Marcos Leite - a voz que reinventou o canto coral brasileiro

E aproveitando o post anterior, me permitam falar um pouco sobre o compositor e arranjador Marcos Leite (que fez os arranjos de Pra machucar meu coração e Lata d'água). Vamos lá:

Na minha opinião, poucos músicos transformaram o panorama do canto coral no Brasil como Marcos Leite (1953–2002). Compositor, arranjador e maestro carioca, ele uniu de forma pioneira a linguagem popular e o pensamento coral contemporâneo, criando uma estética própria, brasileira, ousada e sensível. Fundador do grupo vocal Garganta Profunda, Marcos deu nova dimensão à ideia de “coro”: não apenas um conjunto de vozes afinadas, mas um corpo expressivo, que canta, interpreta, respira e se move com teatralidade.

Sua escrita sempre valorizou o ritmo da fala, a pulsação da música urbana, o humor e a delicadeza da canção brasileira. Ao mesmo tempo, trouxe sofisticação harmônica e refinamento técnico, resultado de quem conhecia profundamente a estrutura da música coral erudita, mas queria libertá-la do peso do formalismo.

Foi ele quem mostrou que a música de Chico Buarque, Milton Nascimento, Gilberto Gil ou Gonzaguinha podia soar em quatro, seis, oito vozes, mantendo a emoção e a identidade brasileira com harmonias criativas e uma liberdade que convidava o público a redescobrir o conhecido. 

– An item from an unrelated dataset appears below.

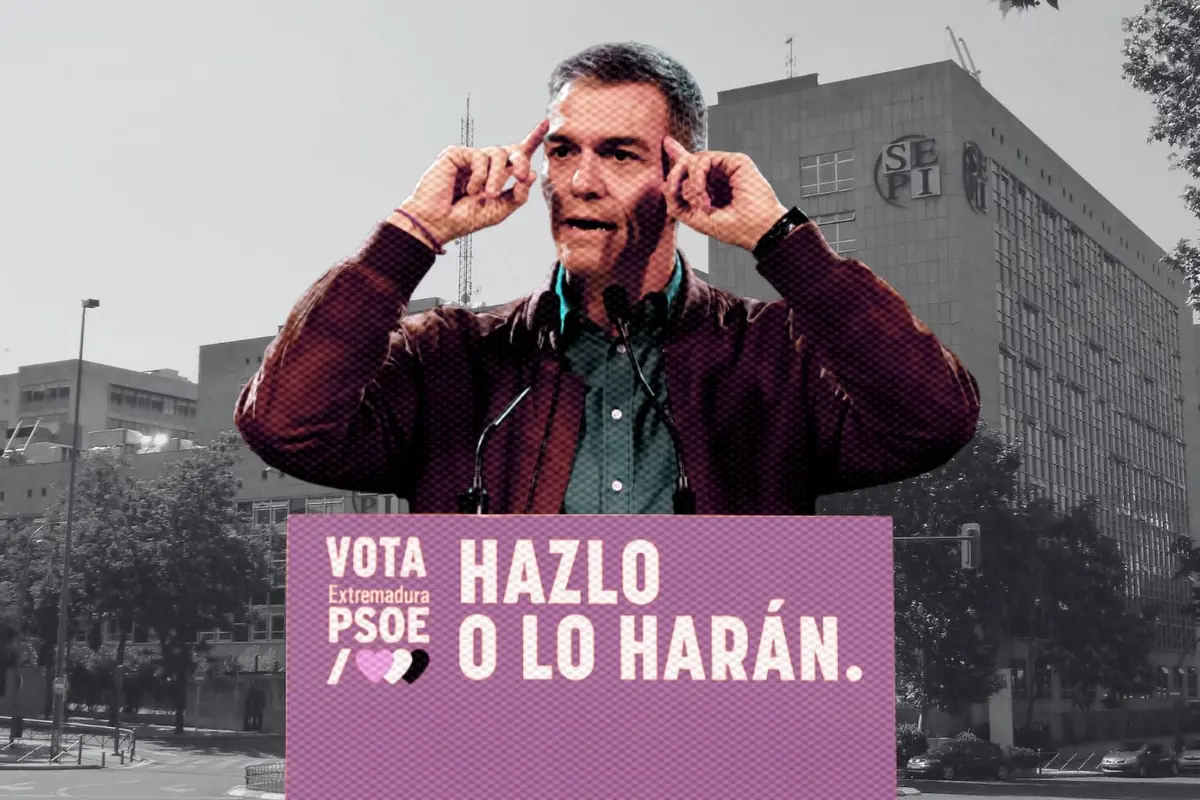 Un hombre hablando en un mitin político con un cartel que dice Vota Extremadura PSOE Hazlo o lo harán frente a un edificio de oficinas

Hoje, muito do que se faz em grupos vocais e coros populares no Brasil tem a marca de sua linguagem: a mistura de precisão e leveza, humor e lirismo, erudição e naturalidade. 

Mesmo após sua partida precoce, em 2002, sua música continua viva, seja nos arranjos que seguem sendo cantados por coros de todo o país, seja na memória daqueles que o conheceram ou aprenderam com ele.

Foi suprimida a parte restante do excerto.